Après bien des luttes, après deux actions de Greenpeace, après la mise à l’arrêt de l’un des réacteurs par l’ASN durant 666 jours (puis son inconcevable remise en service), après de très nombreuses interventions de l’Allemagne, après un scandaleux accord d’indemnisation d’EDF [4], après mille autres péripéties, vint la rencontre du 19 janvier 2018 entre les associations antinucléaires et M. Martin Guespereau, chef de cabinet de M. Sébastien Lecornu. Enfin, elles furent entendues lorsqu’elles portèrent à sa connaissance la perspective d’une Z.A. binationale. S’ensuivit une rencontre du ministre avec les industriels allemands le 12 avril 2018 et la prise en compte de cet axe économique dans le très officiel “Projet de Territoire“. Encore faudra-t-il que les politiciens locaux, qui freinent des quatre fers, ne viennent pas entraver ce projet.

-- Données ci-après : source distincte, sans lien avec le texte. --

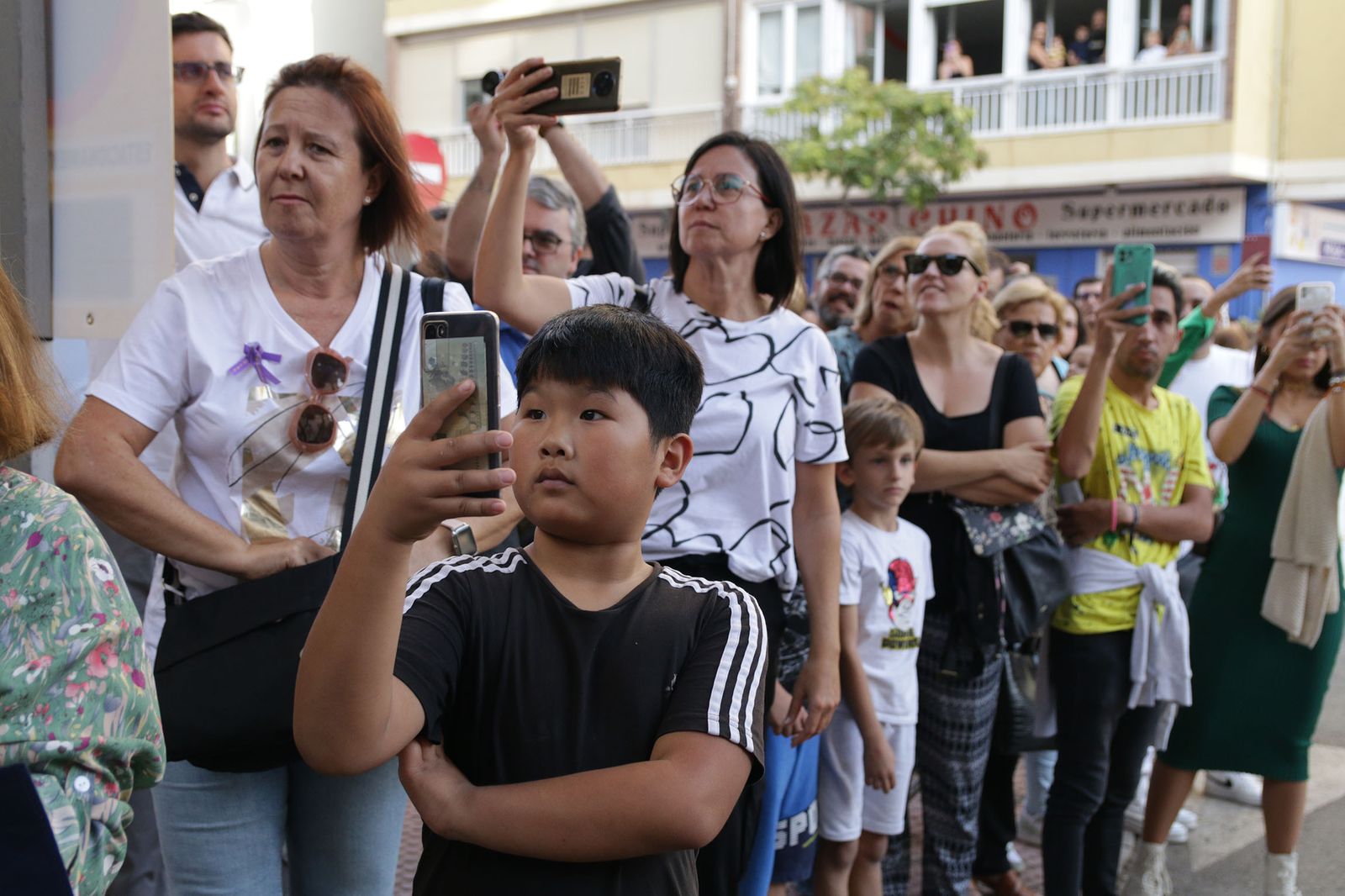 Imágenes de La Magna por las calles de Almería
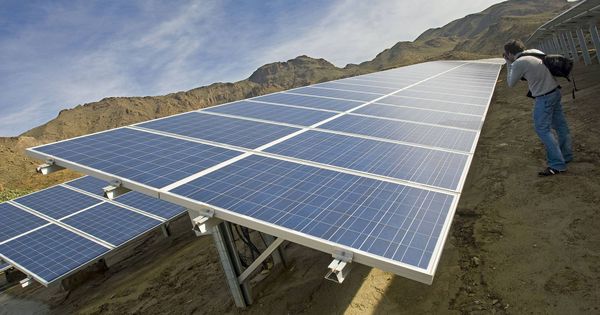 Foto: Un fotógrafo toma unas imágenes de las placas de una planta solar fotovoltaica. (EFE) 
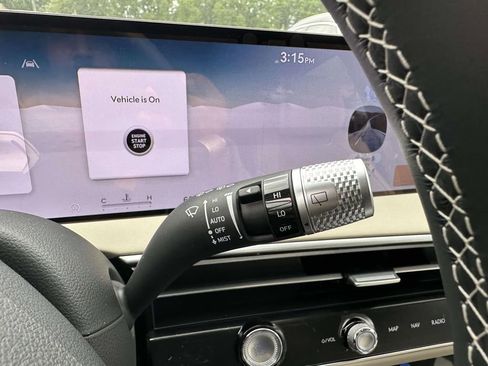 New 2026 Genesis GV70 2.5T Advanced AWD/4WD image 25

Le réacteur n°1 de Fessenheim a été arrêté le 20 février 2020 et le n°2 le 29 juin 2020. Une conférence de presse a été organisée pour l’occasion sur le Rhin, à bord du bateau Napoléon, à l’endroit précis où s’était arrêté le nuage de Tchernobyl en 1986. Et depuis le pont sur le Rhin, la lutte antinucléaire scellée depuis 1970 entre Allemands et Français, a donné lieu à un geste symbolique : le lancé de deux drapeaux antinucléaires réunis par une bouée. On y lisait au recto : “Nucléaire non merci“ et au verso “Atomkraft, nein danke“. Deux langues, mais une seule voix pour refuser l’atome ici et partout !
La lutte associative se porte désormais contre le projet fou d’un “technocentre“ [5]. Et nous resterons particulièrement préoccupés par le combustible irradié stocké dans les piscines... non bunkérisées.
Cette lutte qui a duré 50 ans, nous enseigne que sans l’action persistante et opiniâtre du mouvement citoyen, antinucléaire et transfrontalier, 12 autres réacteurs seraient à fermer et à démanteler dans la plaine du Rhin. Elle nous commande aussi de rester vigilants !
André Hatz
Notes
[1] Personne n’employait alors ce terme.
[2] CLI : commission locale d’information
[3] Pétrole synthétique à base d’algues et de CO2.
[4] Dénoncé par le Réseau “Sortir du nucléaire“ auprès de la Commission européenne.
[5] voir l’article à ce sujet page 23 et lire la “Déclaration de Fessenheim“ adoptée par 38 organisations alsaciennes et badoises réunies.